In-House AI Chatbot with RAG & EEVE-Korean

Overview

(KR) 외부 API나 클라우드 리소스 없이 사내 서버(On-premise) 안에서만 구동되는 AI 챗봇입니다. 한국어 특화 EEVE 모델에 RAG을 접목하여 내부 기술 문서를 바탕으로 답변을 생성합니다.

(ENG) A security-focused in-house AI chatbot built to accelerate work efficiency while keeping sensitive data under lock and key. It operates entirely on-premise with zero reliance on external APIs or cloud resources. By combining the Korean-optimized EEVE model with RAG, it provides accurate answers based on attached documents.

Background(The reason why I built it)

(KR) 기존의 사내 인트라넷은 LIKE, = 와 같은 SQL 쿼리 형식으로 검색 결과를 반환한다. 따라서 사용자가 검색 키워드를 정확히 모르면 원하는 정보를 찾기 힘들었고, 결과에 대한 연관 데이터를 찾으려면 수동으로 일일이 데이터를 뒤져야 하는 번거로움이 있었다. 그래서 자연어 검색을 통해 원하는 정보 및 연관 정보까지 검색 가능한 챗봇을 개발하여 그 가능성을 확인해보고 싶었다.

(ENG) Searching for data on company's current intranet relies on SQL-based queries such as LIKE or =. If you don't have the exact keywords, you can't get the data you want. And data needs to be retrieved manually if someone wants the data related to the result. Company needs to improve the search engine of its intranet, and it was just the right moment to build a natural language-based searcher that gets what people ask.

Tech Stack

OS: Debian Linux 12
Language: Python 3
LLM Engine: Ollama
- Model: EEVE-Korean-Instruct-10.8B
- Format: GGUF
Framework: LangChain 0.3.x, Streamlit
Vector DB: FAISS
Embeddings: BAAI/bge-m3

Key Features

1. Two types of chat mode

Divide Basic Mode for general chats and a RAG Mode that sticks strictly to the context of uploaded files.
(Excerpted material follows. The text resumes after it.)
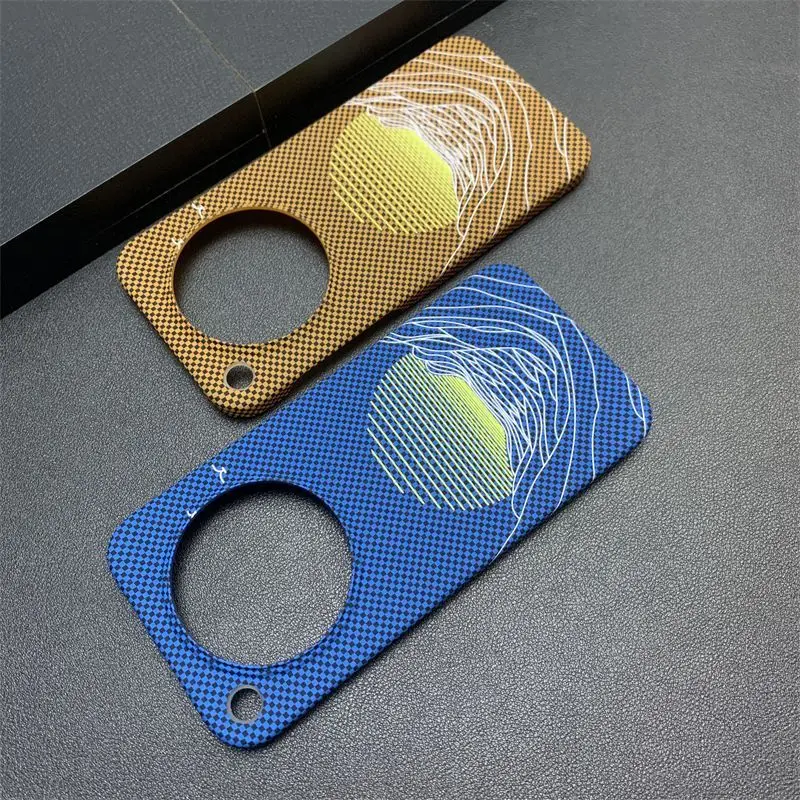 For Oppo Find X8 Ul… - image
2. Security-first architecture

Everything happens inside the server.

3. Korean-specialised EEVE engine

With EEVE (Efficient and Effective Vocabulary Expansion) method, it handles Korean text efficiently.

4. Caching

Uses caching to remember past chats and grounds its answers in technical docs to keep the hallucinations to a minimum.

Challenges

1. 답변의 유연성 부족 / Lack of Flexibility in Responses

(KR) 질문의 전체 문맥을 깊이 있게 파악하기보다는 키워드 중심으로 다소 정형화된 답변을 내놓는 경향이 있다.

(ENG) It tends to generate static responses based on keywords rather than fully gasping the subtle nuances of the context. Not sure if it's possible to overcome only by writin the sophisticated prompt.

2. 데이터 타입 확장 및 검증 / Data Type Expansion and Validation

(KR) 현재는 소량의 txt 파일로 테스트를 마친 단계이므로 향후 PDF, CSV 등 다양한 형식의 대용량 파일에서도 답변의 품질이 유지되는지 추가적인 검증이 필요하다.

(ENG) Testing has been completed only with small-scale TXT files. Future steps include verifying response quality across various large-scale formats such as PDF and CSV.

3. 실시간 데이터 동기화 / Real-Time Data Synchronization

(KR) 지금은 파일을 직접 업로드하는 방식이지만, 실제 인트라넷의 방대한 데이터를 활용하려면 DB와의 실시간 연동이 필수적입니다. 데이터의 삽입/수정/삭제가 즉시 반영되는 '임베딩 자동화 파이프라인' 구축을 다음 목표로 잡고 있습니다.

(ENG) While the current system relies on manual file uploads, real-time integration with the corporate database is essential for handling large-scale data. Developing an automated embedding pipeline that keeps the knowledge base up-to-date with live DB changes is needed.

4. 사용자 직급에 따른 답변 결과 필터링 / Showing filtered responses based on user rank

(KR) 대표, 부장, 과장, 대리 등과 같은 직급에 따라 접근 데이터가 다르기 때문에 사용자에 따른 선별된 응답을 하는 것이 필요하다.

(ENG) Depending on job titles, accessible data is different. It's quite necessary to provide selected responses tailored to the rank of user.